Task to complete:
Copy exactly the lines starting at the one that contains "iwin raptors in" and running through the end of the material below. Exclude any pictures.

Information shown:
=== Begin Enclosure ===

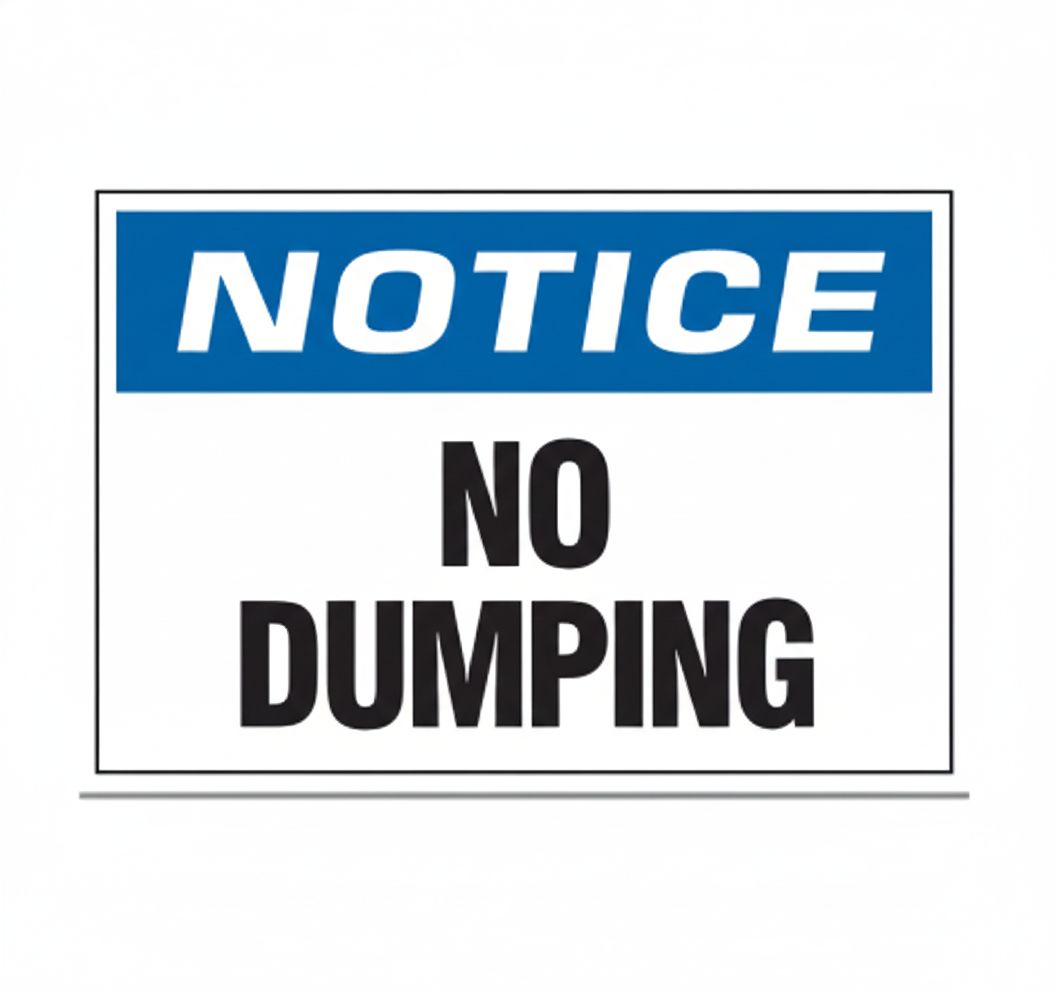 No Dumping sign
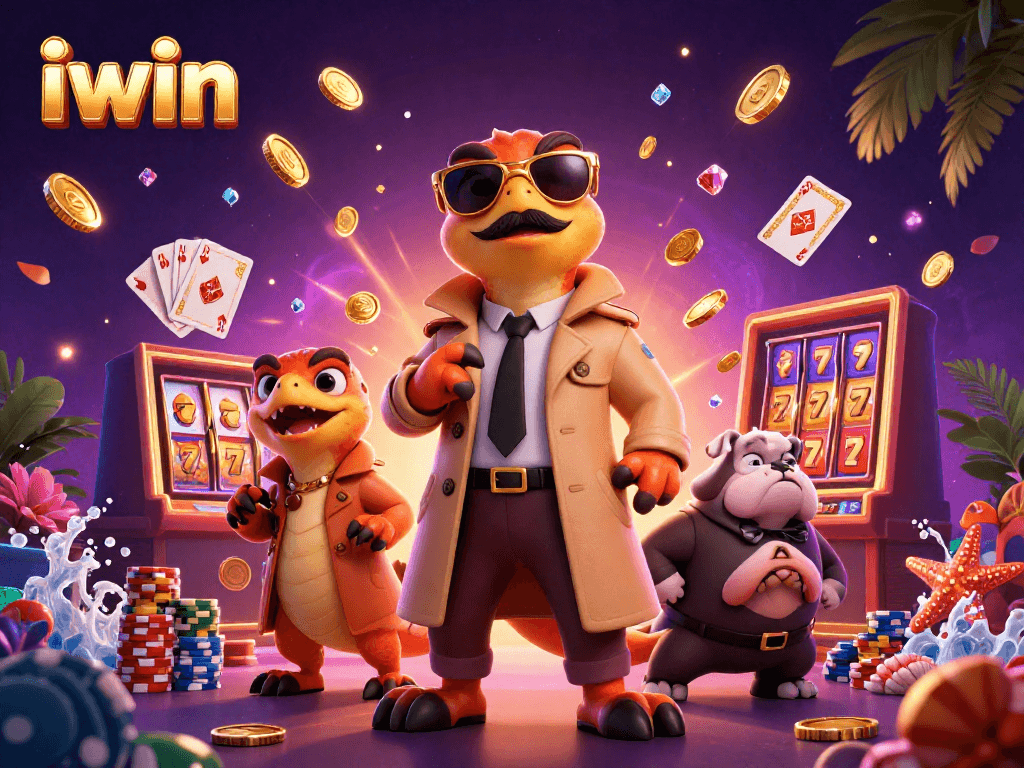 iwin raptors in a trench coat entering a VIP casino surrounded by sparkling gems and coins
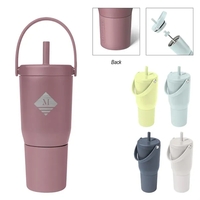 25 oz. stainless steel tumbler with powder-coated finish and straw, lid......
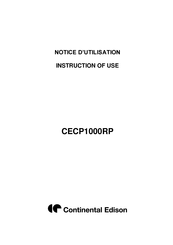 Continental Edison CECP1000RP Instructions Of Use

=== End Enclosure ===

Result of the exercise:
 iwin raptors in a trench coat entering a VIP casino surrounded by sparkling gems and coins
 25 oz. stainless steel tumbler with powder-coated finish and straw, lid......
 Continental Edison CECP1000RP Instructions Of Use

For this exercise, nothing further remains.